Kalau boleh memilih, ada banyak sekali manusia yang
hanya mau kebahagiaan, dan membuang kesedihan. Itu juga terjadi dalam kehidupan
saya dalam waktu yang lama. Saya pernah kehilangan seorang ayah yang sudah
sampai di tingkat unconditional love.
Seorang sahabat-sekaligus pemilik perusahaan-meninggal
ketika kami sudah bisa berkomunikasi dari hati ke hati.
Ibu mertua yang tidak
pernah memarahi saya, bahkan selalu membela saya ketika ada konflik dengan
isteri-padahal waktu pacaran dengan puteri beliau, saya tergolong anak
nakal-meninggal ketika kami sekeluarga belum sempat membahagiakannya. Dan ada
banyak lagi kejadian hidup yang pernah membawa saya pada sungai kesedihan yang
panjang dan dalam. Mungkin akan ada lagi kejadian-kejadian serupa di masa yang akan datang.

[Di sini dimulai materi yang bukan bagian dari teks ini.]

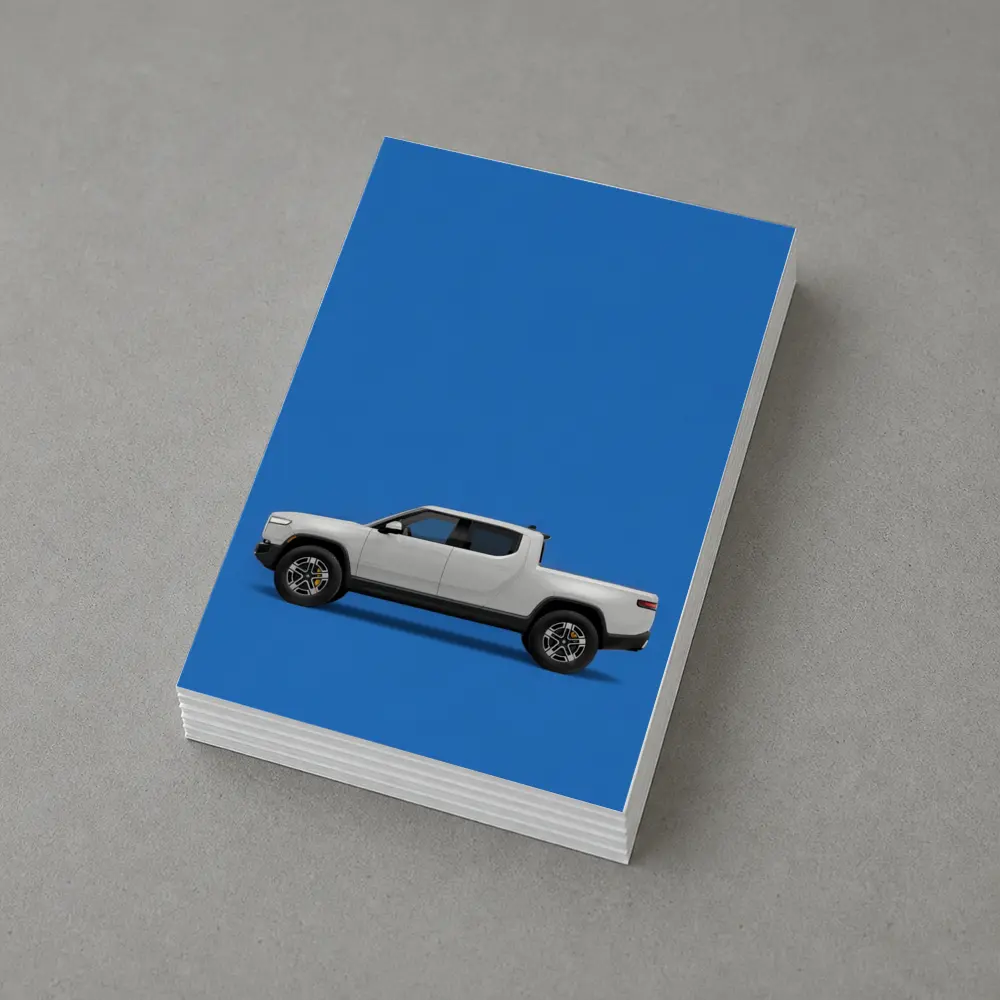 Rivian R1T White Truck Blue Background – Postcards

Sayangnya, sebagaimana alam yang
mengenal siklus, kehidupan manusia pun mengenal siklus. Kesedihan dan kebahagiaan
adalah salah satu dari banyak siklus yang harus kita lalui. Seorang sahabat
saya ditimpa kesedihan yang lama dan panjang, ditinggal suaminya beristerikan
orang lain. Seorang
pembaca kolom ini mengirim e-mail ke saya, kalau dia dibuat tersiksa oleh
kekasihnya. Beberapa pengunjung yang rajin mengunjungi web site saya, tidak sedikit mengirim berita kesedihan, dan meminta jalan keluar segera.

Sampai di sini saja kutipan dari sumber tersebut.